L’ultimo è Vinciamo Italia, attualmente ce ne sono sette che richiamano nel logo il nome del Belpaese
Poi però, prosegue Maestri, “dopo la discesa in campo di Berlusconi e la nascita di Forza Italia, c’è stata una corsa ad utilizzare la parola, non più abbinata alle ideologie. E trapelò persino che lo stesso Berlusconi, nel 2011, avesse in animo di liquidare l’allora Popolo della Libertà per sostituirlo con un movimento chiamato solo “Italia“, ma un’esclusiva su quel nome sarebbe stata problematica». Ecco quindi spiegato il fenomeno. L’argine rotto dalla nascita del berlusconismo e un dato formale che, come noto, ne nasconde uno di cultura e di sostanza: ossia la convinzione che citando la parola “Italia” nel nome si dimostri inclusività e la volontà di abbracciare la complessità del nostro Paese.

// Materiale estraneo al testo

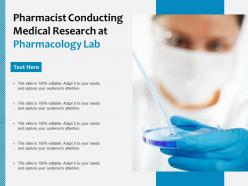 Pharmacist conducting medical research at pharmacology lab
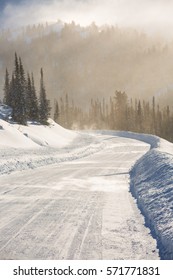 Snowy Winter Road During Blizzard In Russia. Heavy Snow Storm.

A quest’ ultimo novero va sicuramente assegnato “Italia Futura”, progetto che, nel 2013, segnò la quasi discesa in campo di Luca Cordero di Montezemolo. Poi non se ne fece nulla, e alcuni esponenti di quel contenitore furono candidati nelle liste di Scelta Civica, anch’ essa “per l’Italia”. Che poi sappiamo com’ è andata a finire. Peraltro, una delle realtà uscite dalla sua dissoluzione fu “Popolari per l’Italia” guidato da Mario Mauro. Ma nella scorsa legislatura non mancò neanche “Direzione Italia”, fondato dall’attuale eurodeputato di Fratelli d’Italia Raffaele Fitto, dopo l’uscita da Forza Italia. E poi ci sono quelle esperienze nate con grandi aspettative che poi hanno trovato maggiori difficoltà di radicamento, tanto che oggi i loro fondatori sono tornati alle occupazioni precedenti. È il caso di Italia Unica, movimento del banchiere Corrado Passera, che dopo l’esperienza nel governo Monti come ministro dello Sviluppo Economico non volle aderire al progetto del Senatore a vita ma creare un movimento proprio.